The colonization rates of bacteria within the Bacteroides fragilis group differed most markedly of all between the study groups. The Bacteroides colonization rate ranged from 52% to 79% in the VD group (Fig. 4). Only one of the infants in the CD group was Bacteroides positive at 3 days of age. After that, Bacteroides was not recovered in any of the samples from the infants in the CD group before the age of 2 months. In infants 6 months of age, the colonization rate was still statistically lower in the CD group than in the VD group (36% vs. 76%; p = 0.009; Fig. 4).

FIG. 4:
The percentage of Bacteroides fragilis group colonization in infants aged 3, 10, 30, 60, and 180 days born vaginally and by cesarean delivery. *p < 0.001, †p = 0.009.

Colonization Levels

The colonization levels of the different bacteria of the colonized infants are shown in Table 3. The total bacterial counts were significantly lower in the CD group in infants 3 days of age (p = 0.005) and in those 6 months of age (p = 0.03). The aerobic enteric bacterial counts did not differ between the groups. Infants in the CD group had a significantly lower level of BLB when they were 3 days old (p = 0.005) but not when they were 6 months old (p = 0.5). There were no differences in the LLB counts or in the Clostridium perfringens counts between the groups. The amounts of Bacteroides fragilis bacteria did not differ between the groups of infants with colonization at 6 months (p = 0.3).
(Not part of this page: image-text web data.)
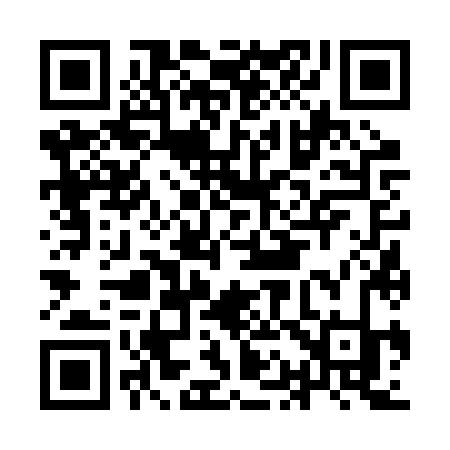QR code for IA62ZK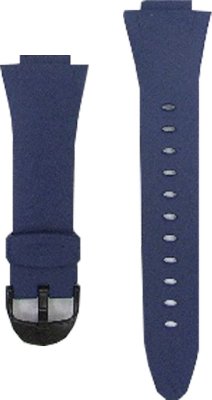 CASIO 10057293 Yedek Parça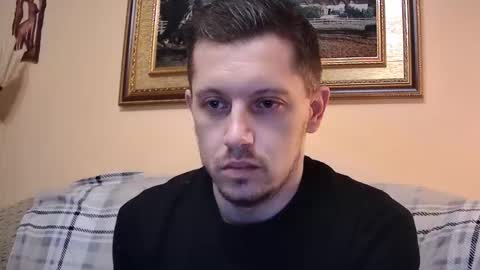 arromwilliam90 online show from February 8, 9:26 am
Median and range of fecal bacterial counts of colonized infants at 3, 10, 30, 60, and 180 days of age

Gastrointestinal Signs

Two mothers in both groups did not complete the follow-up sheets. No statistically significant differences were found between the study groups in the scores of abdominal distension, flatulence, or in the amount of colicky crying, Infantile colic, according to the definition of Wessel et al. (20), was detected in three of the VD infants and in none of the CD infants (p = 0.2; Fisher's exact test).


This study shows that the fecal flora of infants born by CD with prophylactic antibiotics administered to the mother is very different from that of infants delivered vaginally. The greatest differences were seen in the bacteria of the Bacteroides fragilis group, which is in agreement with studies in infants born by CD; in earlier studies the duration of follow-up, however, was only 10 to 60 days (1,8,10). In the present study, no permanent colonization with Bacteroides fragilis group bacteria was found in the CD group before the infants were 2 months of age. Still, in infants 6 months of age in the CD group, the colonization rate of the Bacteroides fragilis group was only half that of infants in the VD group (36% and 76%, respectively; p = 0.009). Similarly, Bennet and Nord (8) were unable to detect Bacteroides bacteria 3 to 8 weeks after birth in term and preterm infants born by CD.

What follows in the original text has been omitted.